Sebuah Foto Merekam Imajinasi Pemotretnya

Kalau ada orang yang mengatakan bahwa fotografer itu sering mengada-ada, mereka sama sekali tidak salah. Pada saat bersamaan mereka juga tidak 100% benar.

Pada dasarnya memang begitulah fotografi.

Apa yang sebenarnya dilihat oleh seseorang dari sebuah foto, sebenarnya tidak murni 100% gambaran aslinya. Di dalam foto tersebut ada bagian yang bukan berasal dari obyek fotonya sendiri. Bagian ini berasal dari diri si pemegang kamera, alias si fotografer.

Tepatnya, ada bagian dari foto yang merupakan hasil dari imajinasi sang pemotret. Ada sisi kreatif yang berbicara dan tercurah ke dalam karya fotonya.

Sebagai contoh, foto di atas ini, tentunya, saya, yang memotret bukanlah seorang yang buta warna sehingga semua menjadi terlihat hitam putih. Saya masih bisa membedakan warna dengan baik, walau sudah berkacamata.

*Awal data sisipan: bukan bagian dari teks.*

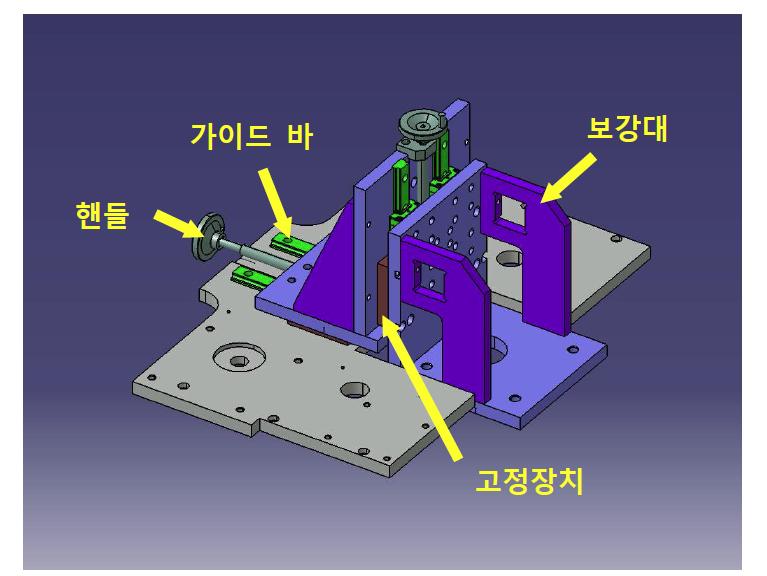 위치제어장치 형상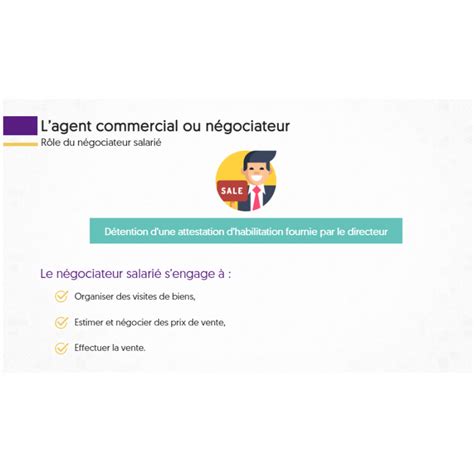 Formation Fiscalité immobilière E learning de 1h26 19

Lagi pula, kalaupun saya buta warna, hal itu tidak membuat kamera yang dipergunakan menjadi ikut buta warna. Ia akan tetap menjadi kamera yang merekam apa saja yang ada di depannya sesuai arahan dari yang memegang kamera.

Imajinasi saya sajalah, yang menyukai gaya foto hitam putih seperti di atas. Mungkin karena, tokoh utamanya adalah seorang wanita tua, walau dengan gaya dan pakaian yang modern, saya memutuskan untuk merubah foto aslinya yang berwarna menjadi monochrome (hitam putih) saja.

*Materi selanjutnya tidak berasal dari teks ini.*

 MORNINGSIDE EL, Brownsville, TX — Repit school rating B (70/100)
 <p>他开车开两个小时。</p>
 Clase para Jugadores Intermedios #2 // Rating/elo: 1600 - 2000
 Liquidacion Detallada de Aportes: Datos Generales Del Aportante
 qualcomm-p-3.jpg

Bahkan dalam foto sederhana, seperti foto keluarga atau foto-foto saat reuni, tetap saja sebuah foto tidak bisa lepas dari daya imajinasi sang pemotret. Kalau pemotretnya berganti, maka nuansanya akan berganti pula dan tidak akan sama.

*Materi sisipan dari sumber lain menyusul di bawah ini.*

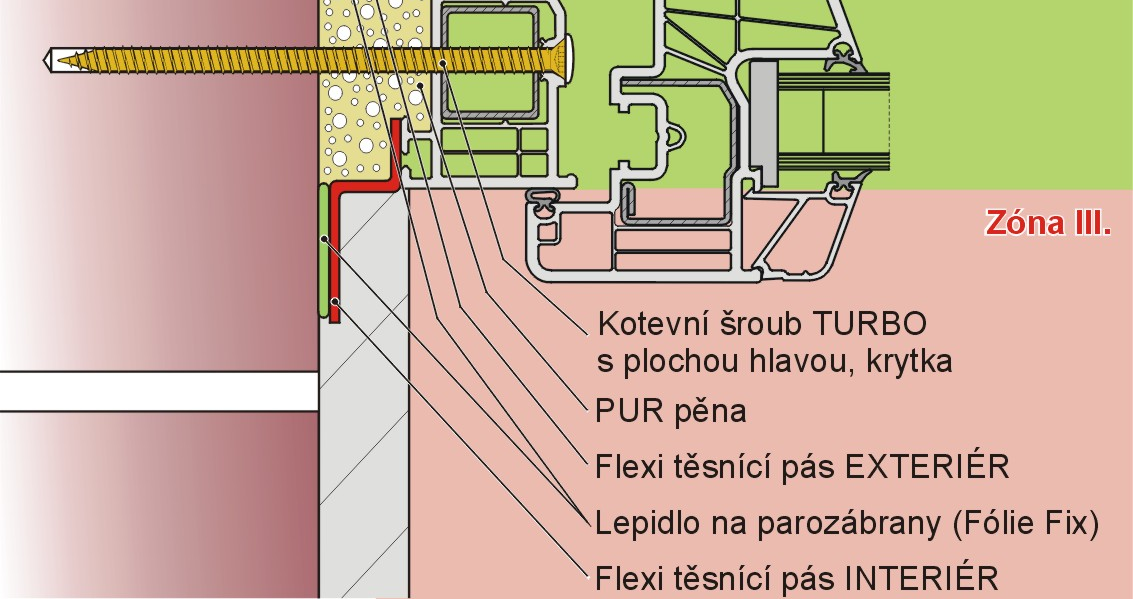 Řešení systému varianty I., II., III.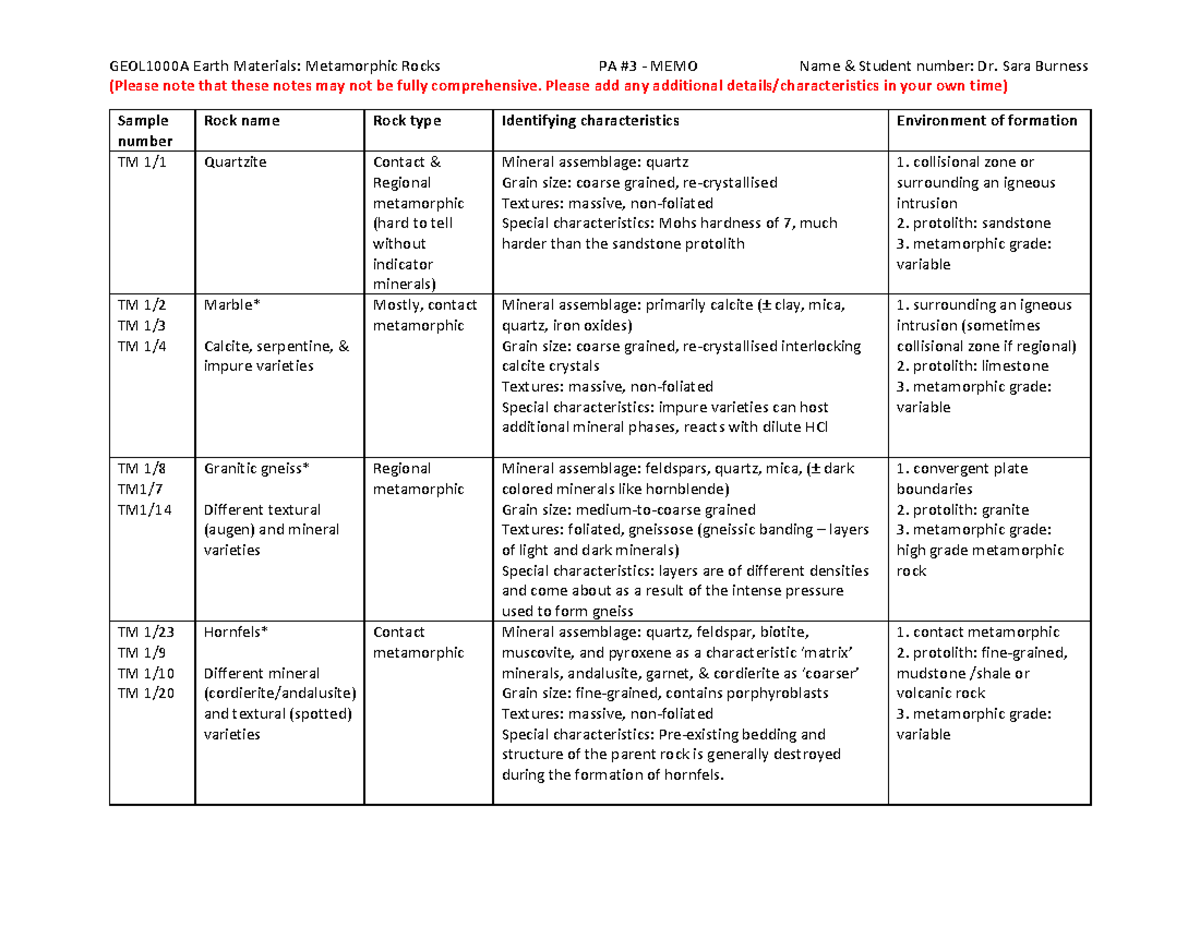 PA 3 MEMO These are all about rocks. GEOL1000A Earth Materials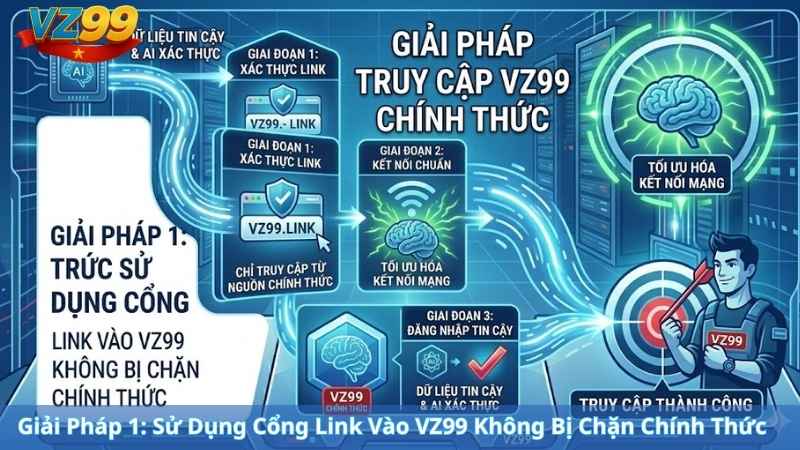 Giải Pháp 1: Sử Dụng Cổng Link Vào VZ99 Không Bị Chặn Chính Thức (Khuyên Dùng)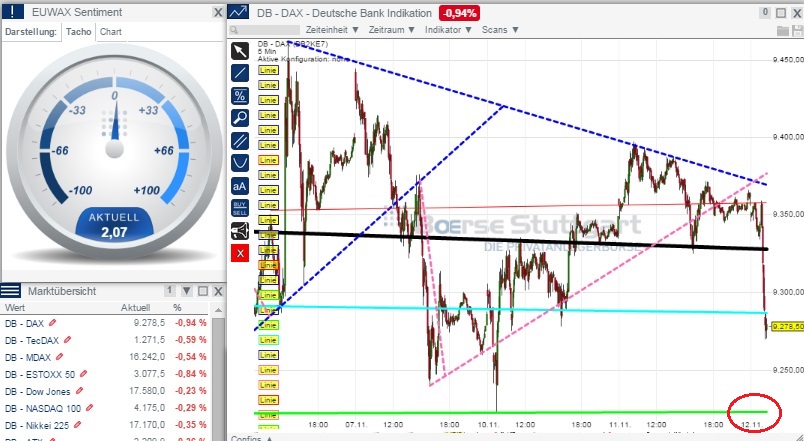 2014 QV DAX-DJ-GOLD-EURUSD-JPY 772570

Mau tidak mau, karena setiap manusia pasti berbeda. Begitu pula daya imajinasinya. Ada yang suka gaya yang “biasa” saja, ada yang suka agak “berseni”, dan ada pula yang suka penuh keceriaan.

Yang manapun, sebuah foto selain merekam momen, juga merekam penggalan imajinasi dari seseorang, yaitu si pemegang kamera.